Lindsey doesn’t consider herself an emotional person. But talking about her injury, even now, can cause her to tear up.

“It’s just a very hard subject for me,” she says. “And not everybody knows exactly what I went through, and I think that’s hard for them to understand where I’m coming from and for me because it was so difficult. But if you don’t go through something, you don’t know how to handle it.”

But she’s turning her soccer setback into a positive. She learned from her injury how much she enjoyed helping people.

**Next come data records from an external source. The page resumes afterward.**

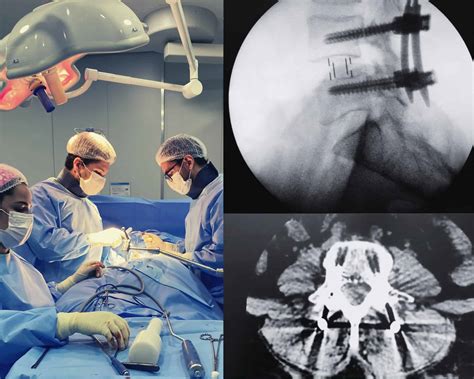 Cirurgia Minimamente Invasiva Da Coluna Dr Antonio Prates
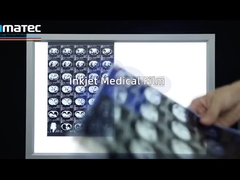 Film per l'imaging medico a getto d'inchiostro per l'ultra-suono di risonanza magnetica a raggi X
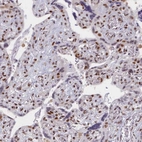 Anti-GTF2B Antibody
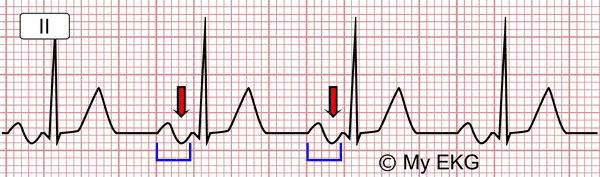 Electrocardiograma de Bloqueo Interauricular Avanzado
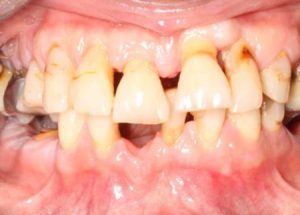 loose_teeth-1-450x322
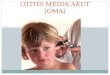 Otitis-Media-Akut B.AJAR.ppt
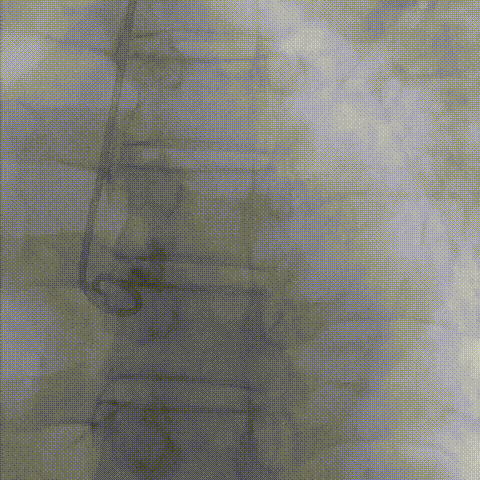 3.gif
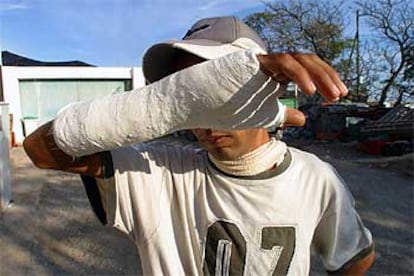 El Mahdi Belkacem muestra su brazo roto por la agresión que sufrió en Balanegra.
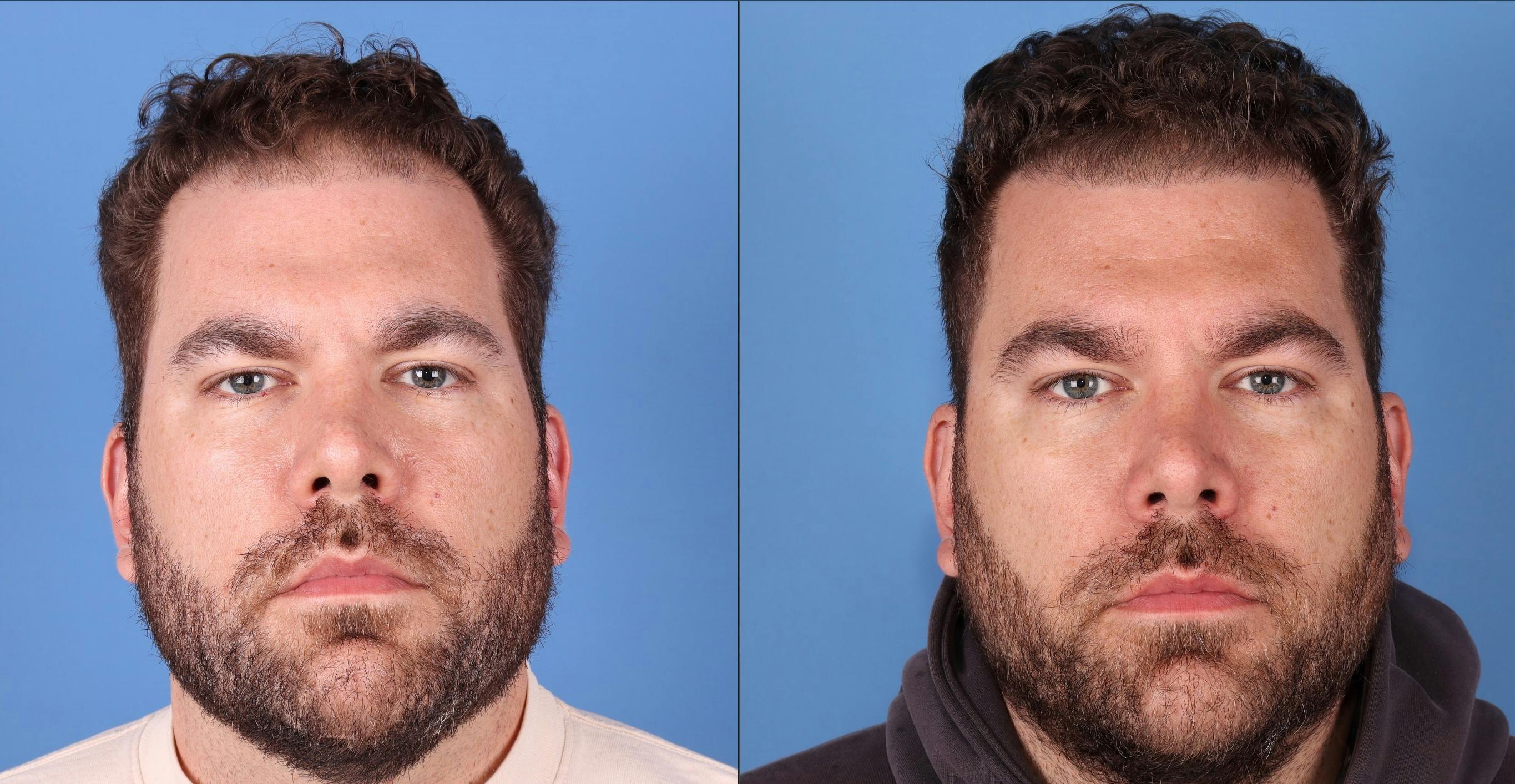 NeoGraft Hair Restoration Before & After Gallery - Patient 263132 - Image 2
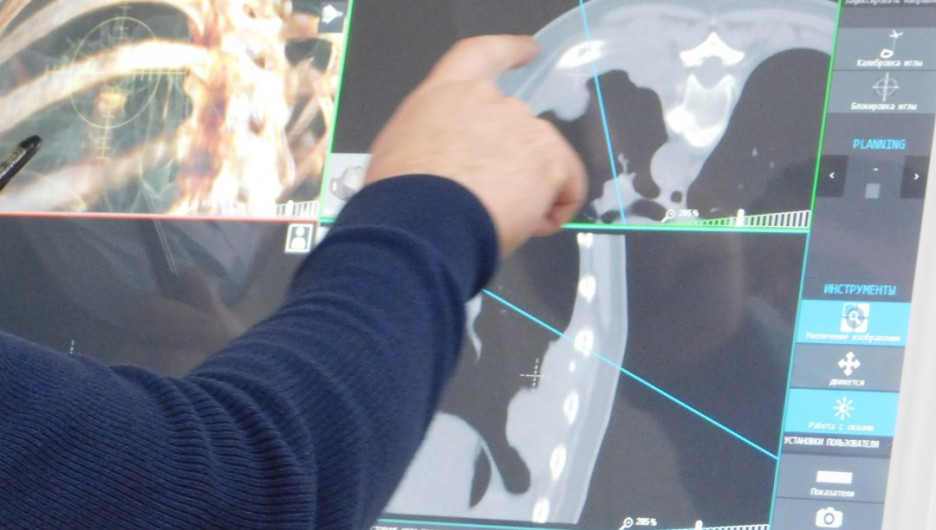Взгляд изнутри. Алтайские онкологи начали использовать VR-технологии для исследования заболеваний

“I think she had a little bit of an interest (before her injury) but wasn’t really sure what she wanted to do, and I think this has really piqued her interest,” Rife says.

Lindsey worked in the medical tent at the DICK’S Sporting Goods Pittsburgh Marathon and the UPMC Health Plan Pittsburgh Half Marathon in May 2018 and 2019. She helped runners who needed assistance. She helped Rife out in Shaler’s athletic training room during the winter of her junior year.

She also answers others’ questions about Lisfranc injuries: from a teacher whose daughter suffered the injury, to people who reach out over social media.

“I just really enjoy being there for people, and I want to be an inspiration to others to get back to what they love doing,” Lindsey says.

Lindsey attends Penn State University; while she doesn’t play Division I soccer for the Nittany Lions, she does play recreationally. But that’s only part of her story: She plans to become a physical therapist or something else in the medical field.

“She made something that could have been completely devastating to a 16-year-old high school kid into something that will motivate her and propel her into the future,” Diana said. “I have no doubt that she would be one of the best physical therapists that anyone could want.”